NeurIPS 2020

Cascaded Text Generation with Markov Transformers

Review 1

Summary and Contributions: This paper presents an approach to non-autoregressive sequence generation using a cascade of transformers. They formulate transformers as CRFs, where an mth-order transformer depends on the previous m words in the decoder (as well as all words in the input). Critically, by pruning the state space at each each timestep using lower-order models, inference in higher-order models becomes faster. This pruning is based on max marginals: the score of the best path using a particular word (for 0th order models) or n-gram (for higher-order). These max marginals themselves would pose a O(L) serial bottleneck, except that the paper presents a clever parallel algorithm for computing them in O(log L) time. Results on 5 MT settings show that performance is nearly as good as an autoregressive transformer, better than most past non-autoregressive models, and giving a 3x-5x speedup without much loss in performance compared to the autoregressive model. Distillation from the autoregressive model is necessary to achieve this strong performance. The authors have released their model and hyperparameters for all experiments.
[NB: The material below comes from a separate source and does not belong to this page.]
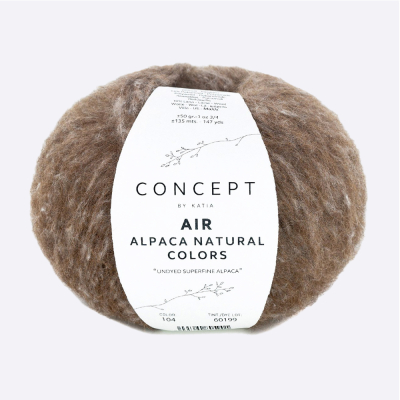 Пряжа Katia Air Alpaca Natural Colors (1340.104, Макадамия)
Strengths: This paper has some very nice algorithmic contributions. I am not sure whether this will be a preferred method for non-autoregressive generation (see below in the Weaknesses), but I like what the authors are trying to do. Coarse-to-fine pruning using max marginals is a very appealing technique that hasn't really seen the light of day in the neural era. It's impressive to me that the authors have gotten this as fast as it is, and there are some strong algorithmic components to make this work. In particular, the parallel max marginal computation is pretty cool. The paper introduces a significantly different way of doing things than most other non-autoregressive techniques, so I think it will be a valuable reference and inspiration to other researchers who want to carry on in this direction. The model is also nicely tuned. Folding all of the models into a single one is reasonably elegant. Between this and the knowledge distillation, the authors seem to have put a fair amount of effort into making this work well, and this effort pays off nicely in the results. The results themselves seem quite strong, handily outperforming many of the past non-autoregressive models with a decent speedup.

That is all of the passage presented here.